■ Problem ■
Would you print out all of the data exactly and keep the pictures out of it?

■ Data below ■

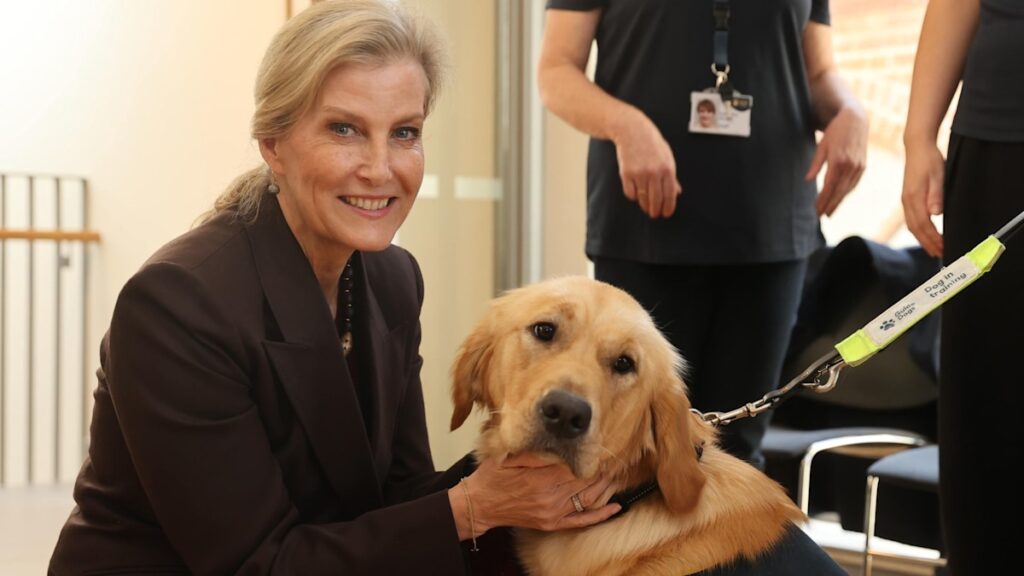 Duchess Sophie fawns over adorable guide dog puppies during historic visit – best photos Duchess Sophie fawns over adorable guide dog puppies during historic visit - best photos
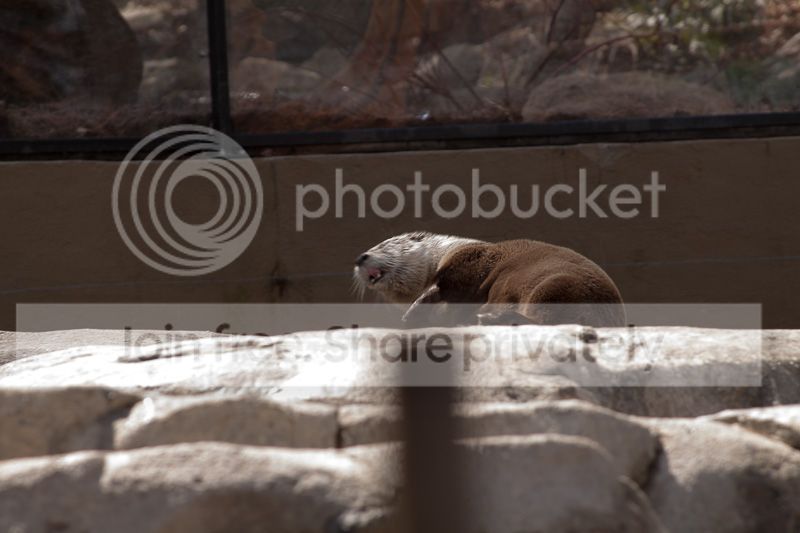 IMG_6445_zpsf161ca7b.jpg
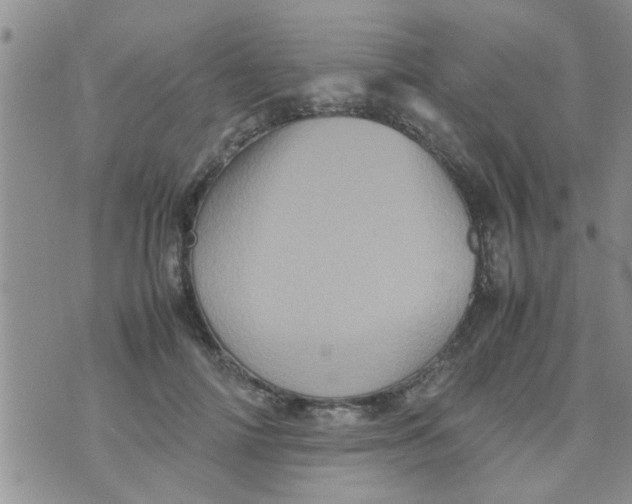 X0000070250698200606232008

■ Reply ■
 Duchess Sophie fawns over adorable guide dog puppies during historic visit – best photos Duchess Sophie fawns over adorable guide dog puppies during historic visit - best photos
 IMG_6445_zpsf161ca7b.jpg
 X0000070250698200606232008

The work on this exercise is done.